NodeTool runs Python nodes through a worker process. Today the TypeScript server most commonly spawns a local worker over a stdio bridge (PythonStdioBridge, length-prefixed msgpack over stdin/stdout).

There is a second, already-built topology: the worker can run as a long-lived WebSocket server, and the TS server attaches to it remotely. The pieces that already exist:

nodetool-core/Dockerfile builds a Python worker image (micromamba / Ubuntu 22.04 / Python 3.11) that installs nodetool-core from PyPI and runs python -m nodetool.worker --host 0.0.0.0 --port 7777 — a WebSocket server, with a ws-handshake healthcheck. EXPOSE 7777, CMD (not ENTRYPOINT).
nodetool2 runtime: createPythonBridge() returns a WebsocketPythonBridge (reconnect + exponential backoff) whenever NODETOOL_WORKER_URL=ws://host:port is set, instead of spawning a local worker. The TS server (server.ts, http-api.ts, mcp-server.ts) calls createPythonBridge(), so setting that env var is sufficient to switch the whole server onto a remote worker.

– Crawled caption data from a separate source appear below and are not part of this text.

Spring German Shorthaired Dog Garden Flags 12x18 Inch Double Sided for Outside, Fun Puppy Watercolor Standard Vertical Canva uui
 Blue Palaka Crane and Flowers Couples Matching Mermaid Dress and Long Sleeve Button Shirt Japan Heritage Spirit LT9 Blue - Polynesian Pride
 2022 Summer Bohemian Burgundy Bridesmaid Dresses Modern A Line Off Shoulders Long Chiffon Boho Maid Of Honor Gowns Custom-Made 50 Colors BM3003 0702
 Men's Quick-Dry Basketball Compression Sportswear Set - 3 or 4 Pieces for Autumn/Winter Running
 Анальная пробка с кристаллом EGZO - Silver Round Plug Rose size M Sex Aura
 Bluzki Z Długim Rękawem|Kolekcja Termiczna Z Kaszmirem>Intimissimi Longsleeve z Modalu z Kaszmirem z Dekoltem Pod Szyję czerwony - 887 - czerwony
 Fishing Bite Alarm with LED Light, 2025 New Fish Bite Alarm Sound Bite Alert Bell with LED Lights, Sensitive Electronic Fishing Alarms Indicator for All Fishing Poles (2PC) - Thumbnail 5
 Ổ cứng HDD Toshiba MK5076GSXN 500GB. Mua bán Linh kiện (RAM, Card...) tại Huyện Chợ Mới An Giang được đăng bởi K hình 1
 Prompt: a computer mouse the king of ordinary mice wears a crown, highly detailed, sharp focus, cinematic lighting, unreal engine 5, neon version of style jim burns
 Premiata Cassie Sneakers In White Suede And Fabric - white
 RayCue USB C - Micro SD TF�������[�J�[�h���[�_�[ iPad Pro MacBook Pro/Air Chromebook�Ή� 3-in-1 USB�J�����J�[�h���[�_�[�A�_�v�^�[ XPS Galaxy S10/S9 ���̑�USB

What is missing, and what this iteration delivers:

A HuggingFace worker image. HF nodes need a large ML stack (torch 2.9, diffusers, transformers, accelerate, bitsandbytes, sam2, …) and, in production, a GPU. No HF Dockerfile exists yet.
Local run ergonomics to build the two layered images, run the worker, point the server at it, and validate a graph end-to-end.
Authentication on the worker. The WebSocket worker currently has no auth: anyone who can reach the port can execute arbitrary nodes (remote code execution on the GPU). A minimal token handshake is required before the image can ever be exposed beyond localhost.

This is a packaging + wiring + auth task. It is not a protocol change — the msgpack WebSocket protocol and the bridge already exist.

2. Goals / non-goals

Goals

A nodetool-huggingface Docker image that layers on the core worker image and installs the released nodetool-huggingface package from PyPI.
One-command local build/run (Makefile + compose) and a documented wire-up.
A minimal, opt-in Authorization: Bearer token handshake on the worker, honored by the TS bridge on connect and reconnect.
A repeatable local validation (CPU-only) that proves: image health, auth gate, bridge attach, and a real HF graph executing on the remote worker.
A written record of the RunPod / Vast.ai constraints that the cloud/GPU iteration must satisfy.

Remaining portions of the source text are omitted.